Basti pensare che l’Italia è il quarto Paese più indebitato del mondo: a fine 2017 il rapporto tra debito pubblico e Pil era di poco superiore al 133%, un livello che ci colloca tra Libano e Capo Verde. E non è vero che i 2.302.340.000.000 (2mila miliardi 302 milioni e 340mila) euro sono dovuti alla qualità e quantità di servizi pubblici che lo Stato produce perché meno indebitati di noi sono Stati che hanno un welfare efficiente come se non più del nostro come Belgio, Francia e Spagna.
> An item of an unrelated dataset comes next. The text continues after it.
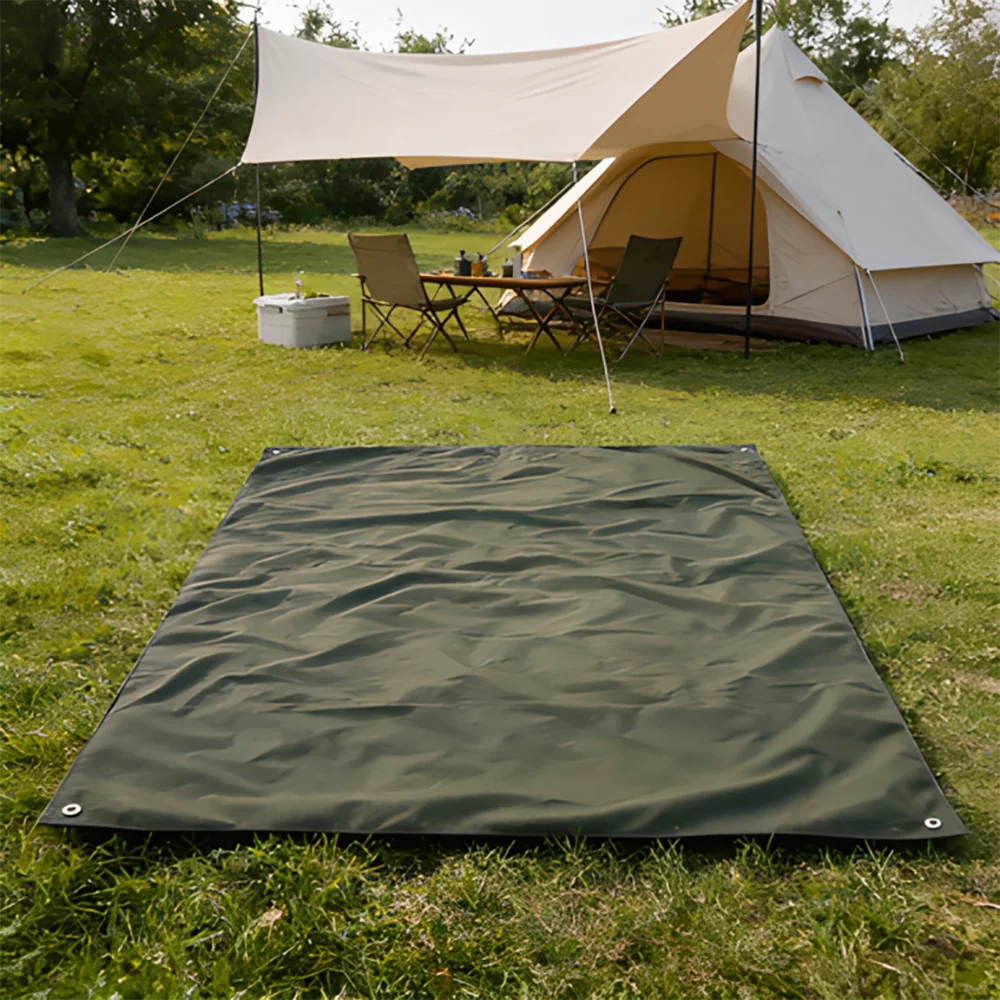 Durable Portable Picnic Mat | Thickened Oxford Cloth Tent Floor Mat, Waterproof Outdoor Blanket for Camping 1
Cercare le cause del un debito stellare è compito degli storici, ma quello che fa paura è la cronaca. Ad esempio: gli ultimi governi, nonostante i proclami e i titoli compiacenti dei giornali, non hanno affatto abbassato il debito. Il governo Renzi, quello che si vanta di averlo «stabilizzato» lo ha in realtà aumentato di 111 miliardi e 999 milioni pari a 110 milioni ogni giorno di legislatura. Quello Gentiloni lo ha accresciuto di 82 miliardi e 794 milioni pari a 183 milioni ogni giorno di permanenza a Palazzo Chigi. E lo hanno aumentato nonostante il loro ministro dell’Economia Pier Carlo Padoan, fosse consapevole del fatto che l’aumento del debito fa aumentare la spesa per interessi che non è solo la componente che più zavorra la crescita (perché drena risorse pubbliche che possono essere impiegate in modo produttivo) ma è quella che più espone l’Italia alla «schiavitù dello spread».
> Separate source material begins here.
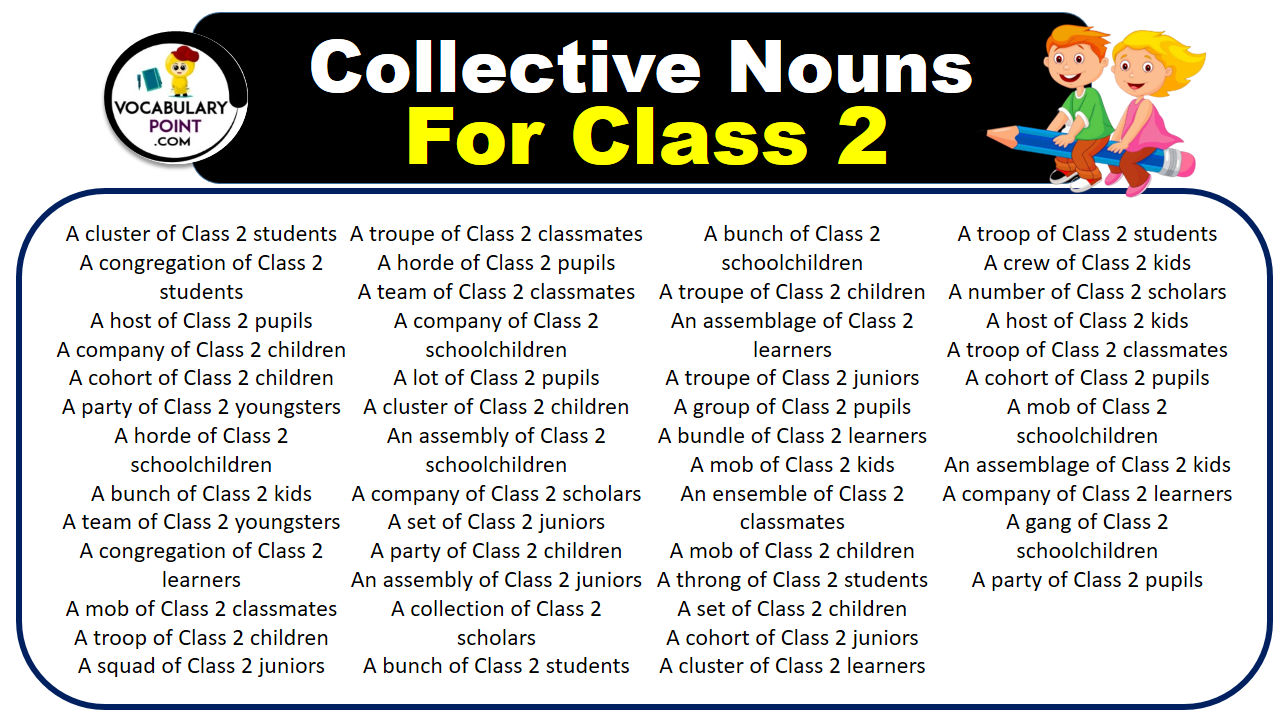 Collective Nouns For Class 2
Per liberarci da questa «schiavitù» gli acquisti di Btp da parte della Bce può fare poco, pochissimo. Dal 2015, infatti, la Banca centrale europea compra titoli del debito pubblico di tutti i Paesi dell’Eurozona contribuendo a tenere bassi i tassi d’interesse rendendo più sostenibile il debito. Ebbene: sembrerà incredibile, ma la Bce di Mario Draghi compra più debito pubblico tedesco che italiano. Significa che i tedeschi, che lo accusano di voler «salvare» il proprio Paese comprando Btp, in realtà stanno beneficiando del quantitative easing molto, ma molto di più dell’Italia. Il motivo è semplice: la Bce non compra debito pubblico degli Stati proporzionalmente al debito che hanno, ma in proporzione al Pil e alla popolazione e la Germania è il Paese con il Pil più grande e il maggior numero di residenti di tutta Europa. E anche vero che la quantità di acquisti è discrezionale e che la Bce compra leggermente più Btp di quanti non dovrebbe se seguisse alla lettera la regola del Pil, ma considerando che nell’aprile 2018 gli acquisti di Btp sono stati pari ad appena 3,9 miliardi (rispetto a 4,7 miliardi di bund), si capisce che la Bce può davvero fare pochissimo.
Il fatto che la Bce compri più debito tedesco che italiano rende credibile la teoria in base alla quale non sono i rendimenti sui Btp italiani ad essere troppo alti (2,88% all’ultima asta), ma sono i rendimenti dei bund tedeschi ad essere troppo bassi (addirittura negativi in termini assoluti). E lo sono non solo perché l’economia di Berlino viaggia come un treno e perché il debito è ampiamente sotto controllo e perché ha una politica talmente stabile da essere granitica, ma anche perché Draghi compra bund a piene mani. Se Lega e 5Stelle volessero «battere i pugni sul tavolo» in Europa dovrebbero riuscire a cambiare il principio che regola il comportamento della Bce.
Dire che è impossibile è tanto ovvio quanto inutile. Così come è tanto ovvio quanto inutile dimostrare con i numeri che la riduzione del debito è l’unica strada per liberarsi da qualsiasi «schiavitù» dello spread. A meno che non lo si voglia fare per alimentare una pericolosissima propaganda.